He also stated that his four children and their mother live in the property in Courtown and it is their family home.
Mr O’Mahony said the defendant was in arrears for a continuous period and had not meaningfully engaged with the plaintiff, despite repeated correspondence sent to him.
He said the defendant has not offered up any valid defence for defaulting on the repayments and has not provided necessary financial information.
Mr Adamson is registered as the sole owner of the house.
In 2004, he drew down a mortgage to buy the property and in 2006 he sought a further loan, which he claims was to renovate the house.
The outstanding balance on the mortgage is €274,266, of which €168,702 is arrears. The net monthly instalments were supposed to be €1,083. On the other mortgage account, there is an outstanding balance of €119,677, of which €76,297 is arrears. The monthly instalments should be €478.
Mr O’Mahony said the last three payments on the account were prior to 2014, when ownership of the charge on the property was transferred to Shoreline Residential Limited.
Shoreline purchased a portfolio of mortgage and personal loans from Irish Bank Resolution Corporation Limited and appointed Pepper to service this portfolio from August 2014.
Ownership of the charge on the property in Courtown was transferred to Pepper in 2019.

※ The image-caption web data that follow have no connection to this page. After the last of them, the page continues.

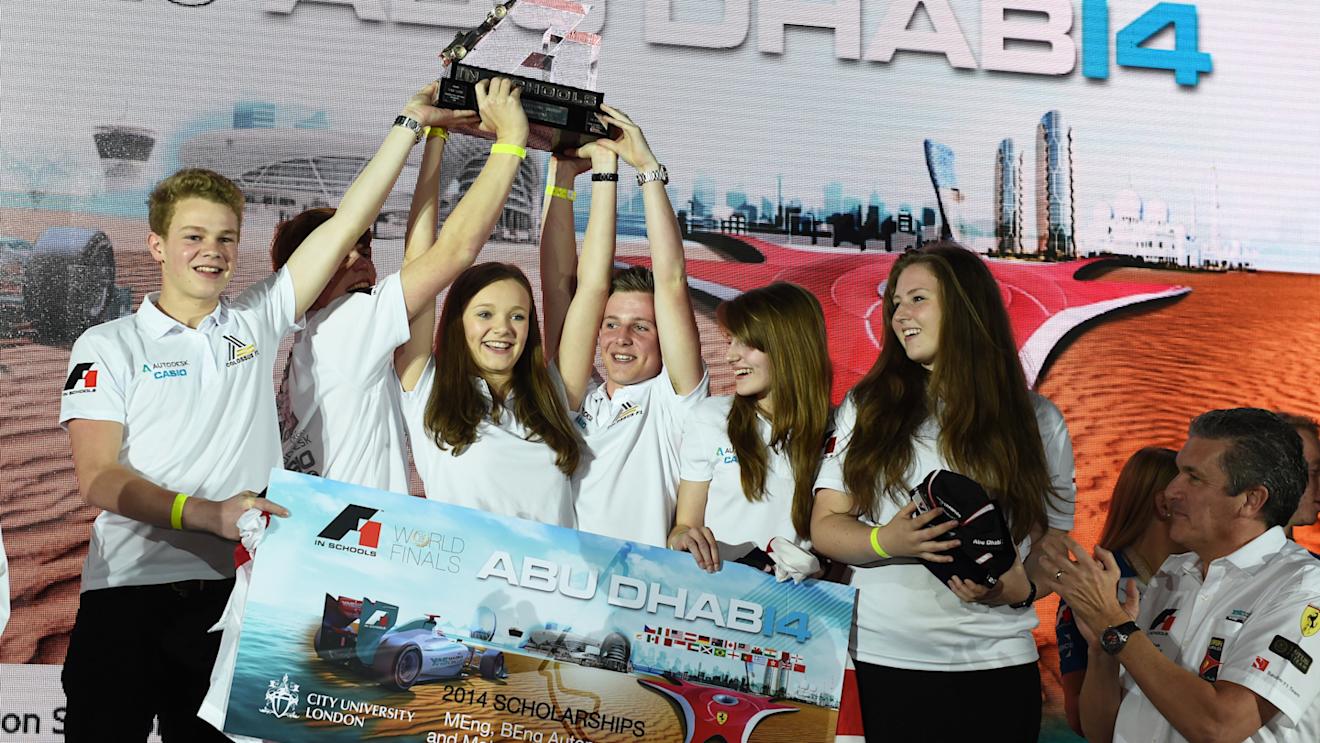 Andrew Denford (GBR) F1 in Schools with winners Colossus F1 at the F1 in Schools Finals Awards. Formula One World Championship, Rd19, Abu Dhabi Grand Prix, Preparations, Yas Marina Circuit, Abu Dhabi, UAE, Wednesday, 19 November 2014 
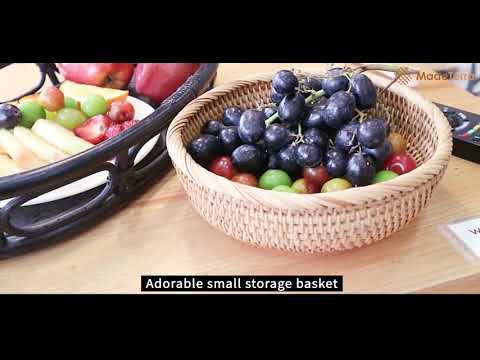 Unique Bowl Shaped Wicker Basket Set | Tabletop Serving Bowls for Home and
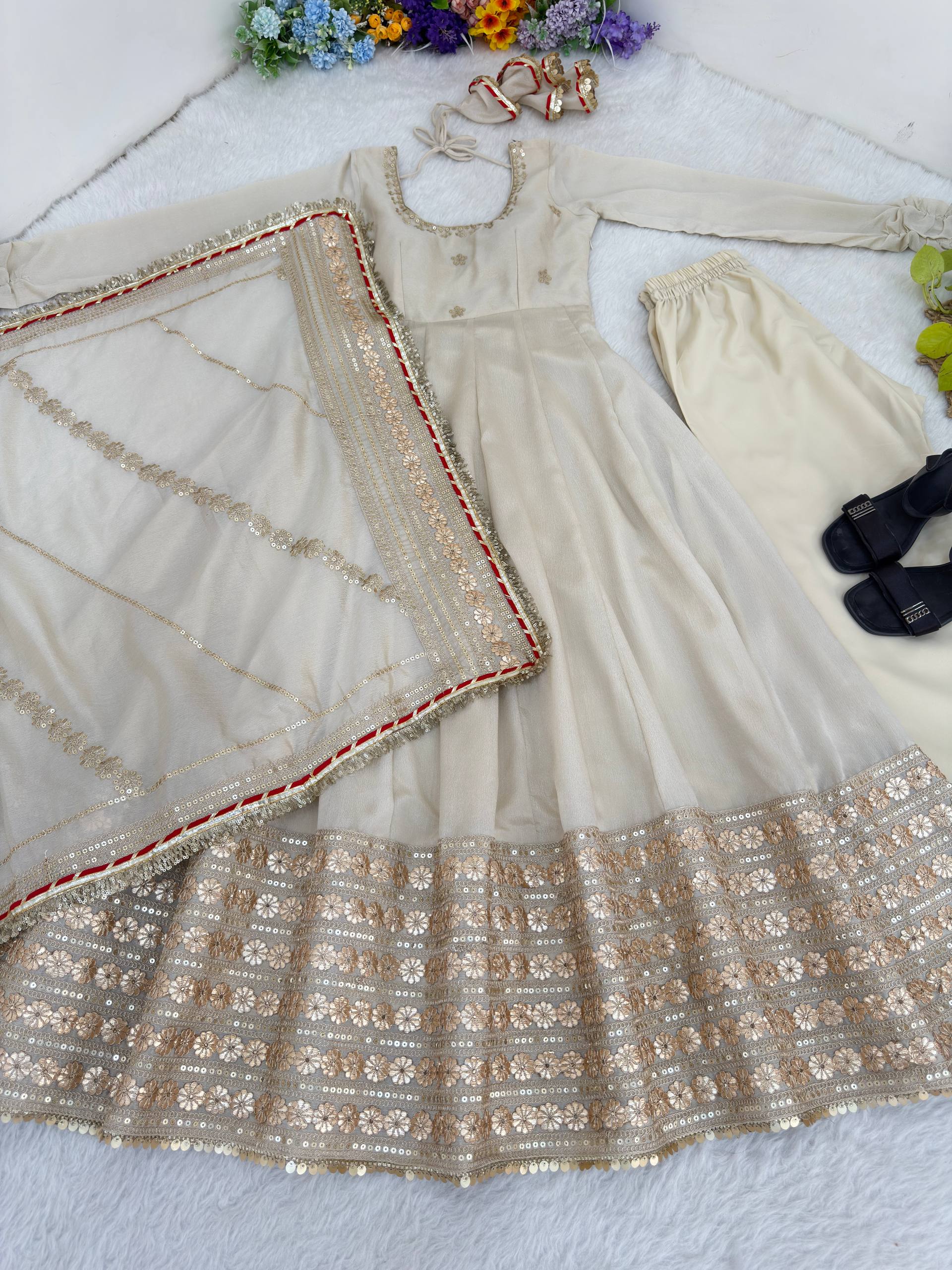 LUXURY CHINON SILK BEIGE ANARKALI SUIT WITH RICH EMBROIDERY WORK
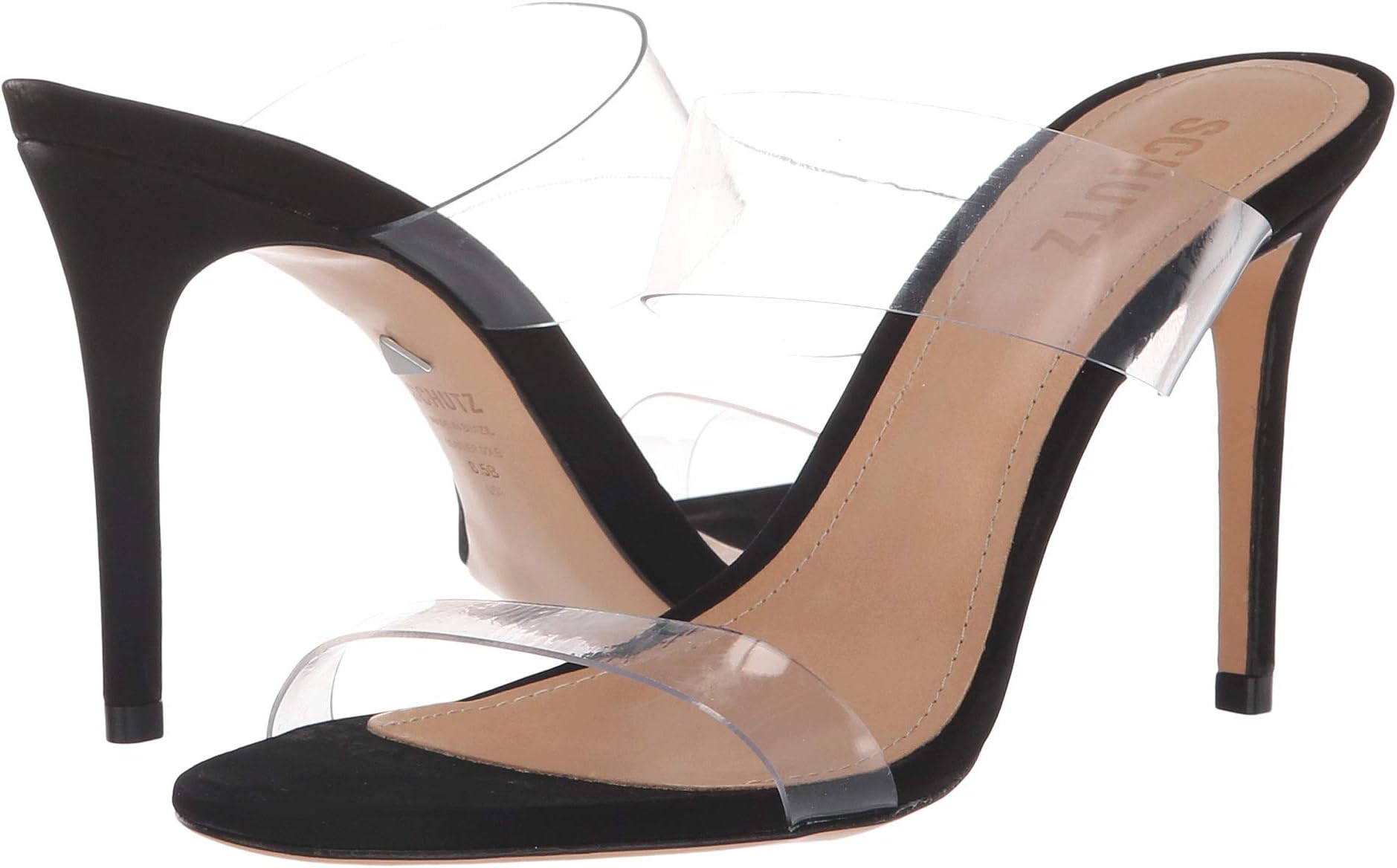 Ariella Schutz Sandals, Black/Transparente Nubuck/Vinil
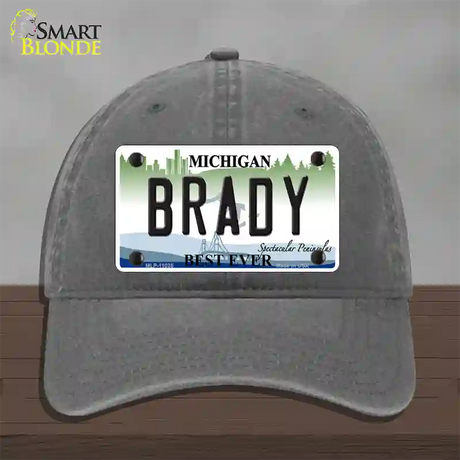 Brady Michigan Novelty License Plate Hat Unconstructed Cotton / Charcoal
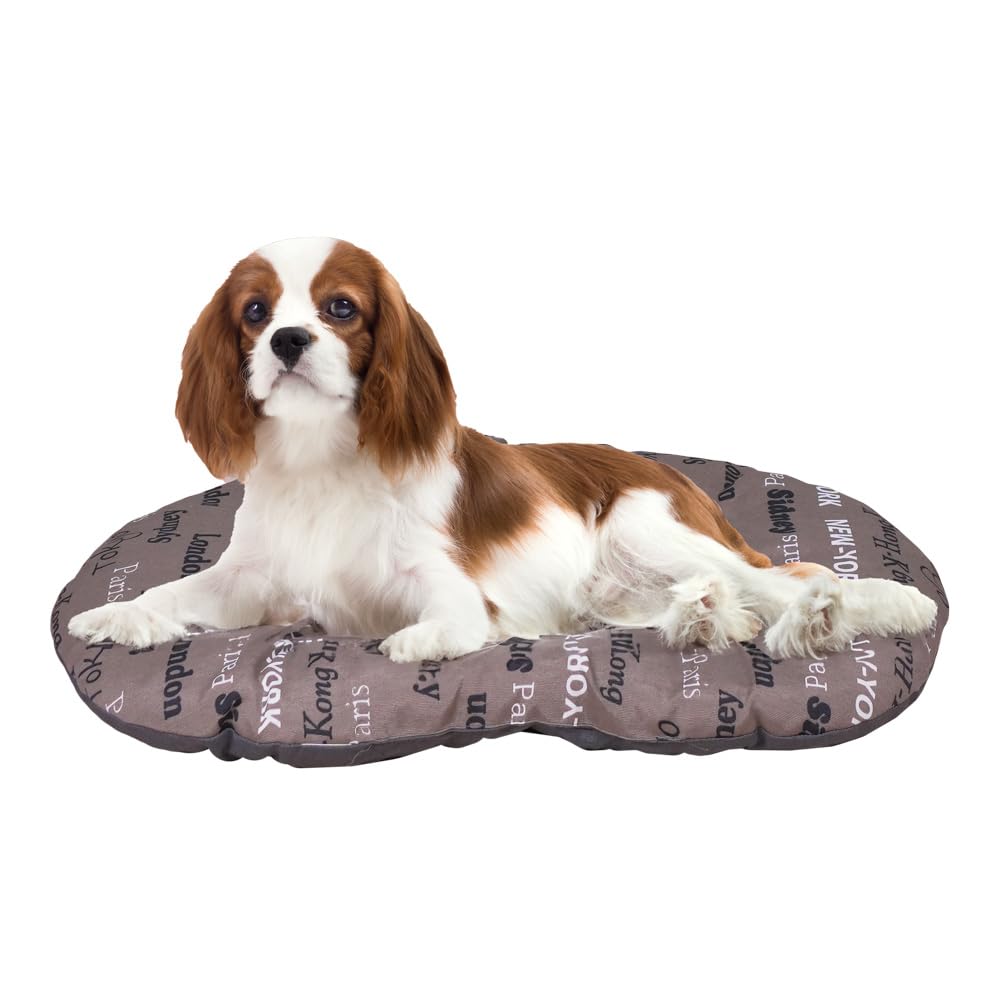 Ferplast Cat Bed, Dog Bed Medium Washable Pet Mat Cushion in Cotton with Soft Padding, 65 x 42 cm. Brown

Mr Adamson, who brought 40 pieces of silver and a copy of the Irish Constitution to court, said: “As a national and a native living indigenous man, I am protected by the divine Christ of God under Irish law.”
He was reprimanded by Judge Doyle for repeatedly interrupting the proceedings.
On two occasions, Judge Doyle left the courtroom during the hearing.
“You are disrupting this court. If you do not desist, I will find you in contempt,” she warned.
“You are bullying and taking over the court. I am the judge in this court. I am going to find you in contempt if you don’t behave yourself.”
She found the facts as stated by Pepper to be proven and granted the order for repossession and sale.
Mr Adamson has 10 days to appeal the decision.
Speaking afterwards, he said he intends “to go all the way to the Supreme Court”.